O Painel X será apresentado nesta semana, durante o Seminário de Negócios Internacionais da Fiep, que acontece nos dias 12 e 13 de agosto, em Curitiba.

Ao fazer o cruzamento do IRL (Índice de Relevância) com o IDC (Índice de Dependência Comercial), o gráfico permite visualizar, por exemplo, os pontos mais críticos das exportações brasileiras, representados pelos produtos com grande importância para os exportadores, porém com pouca relevância dentro do mercado norte-americano.

No gráfico, esses itens aparecem no quadrante superior esquerdo, em azul. Alguns tipos de produtos de madeira ocupam esse lugar. Por exemplo, as molduras usadas na construção civil. A Região Sul exporta aos EUA 97% de todas as molduras que fabrica, mas compete com o Chile, cuja taxação ficou em 10%. "Estamos nas mãos dos EUA", resumiu o superintendente da Fiep, João Arthur Mohr.
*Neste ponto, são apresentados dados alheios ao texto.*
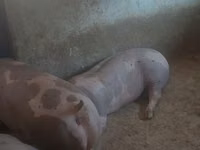 母猪, Pigs — 照片 5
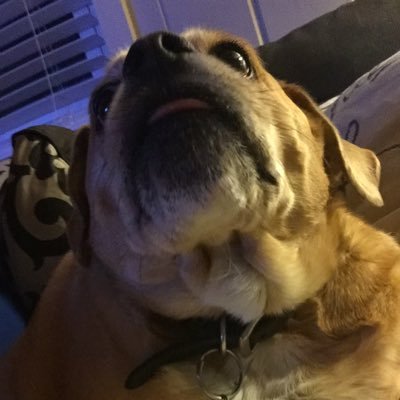 plumberbobo697's profile picture. Jersey plumber.  love. riding my motorcycle .  enjoy summers.  life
Com a definição dos graus de relevância e de dependência, a ferramenta permite que o usuário insira o número do HTS (Harmonizated Tariff Schedule), que é como se fosse o CPF do produto, e faça uma varredura buscando possíveis compradores em todos os cantos do mundo e entrando na disputa pelo novo mercado. "O exportador, então, coloca a sua equipe comercial para telefonar e viajar, oferecendo o produto", explicou Mohr. "(A abertura de novos mercados) não é de uma hora para outra, mas pode pegar uma fatia pequena."

Com o Painel X, a Fiep e os exportadores podem definir estratégias específicas para todos os produtos brasileiros, de acordo com sua relevância e dependência. "É nosso papel ajudar na abertura dos mercados. A Fiep, por meio do seu Centro Internacional de Negócios, organizou três missões internacionais à Índia. Levamos empresários do setor de alimentos", destacou o superintendente. "Para o setor da madeira, muito afetado pelo tarifaço, estamos com uma missão internacional para o Canadá, para a Finlândia. Estudamos como podemos abrir novos mercados. Já estamos fazendo isso e vamos acelerar as missões."